CP
FIX

How to Block Marker and Crayon Stains

Marker and crayon bleed through latex paint because they are dye and wax, not dirt. Here is how to block marker stains for good with the right primer and topcoat.

Mark Thompson
By Mark Thompson
Pro Contractor & Field Editor
Updated:June 3, 2026
Bedroom wall with red and blue marker scribbles and crayon streaks near the baseboard

Marker and crayon don’t wipe off and they don’t paint over. They bleed. Roll regular wall paint across a Sharpie scribble and the dye rides right back up through the wet film. Block it first, then paint. That’s the whole job.

Does This Match What You’re Seeing?

Confirm what you’ve got before you open a can. The fix depends on it.
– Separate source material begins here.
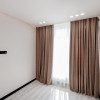 Vânzare apartament cu 2 camere+living în bloc nou – Botanica, str. Valea Apelor. thumb 6
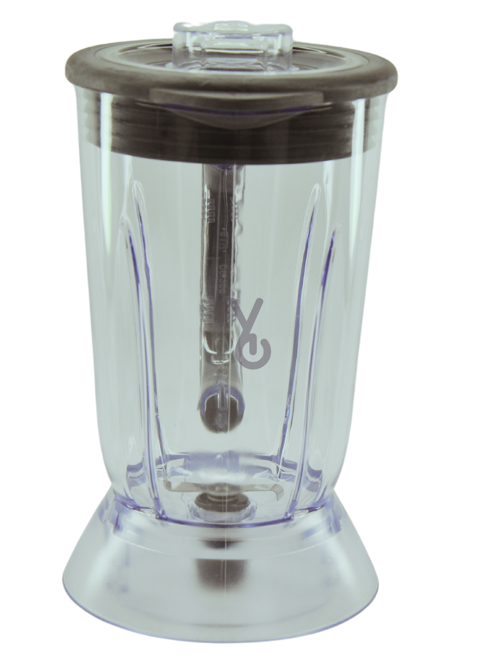 700179 CAM KARAF - CAM POT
  • Pink, blue, or red ghost lines through fresh white paint: permanent marker or Sharpie dye bleeding through a water-based topcoat. The classic.
  • Greasy, waxy streaks that paint beads off of: crayon. Two problems in one: wax repels paint, pigment bleeds.
  • Faint gray scribble that scrubs partly away: pencil. The easiest of the bunch, but still bleeds a little under flat paint.
  • A clean spot that reappears days after painting: ballpoint or gel ink. Water-based and dye-heavy, behaves like marker.
  • Yellow-brown halo, not a line: that’s a water stain, not ink. Different page. See how to fix water stains on a ceiling.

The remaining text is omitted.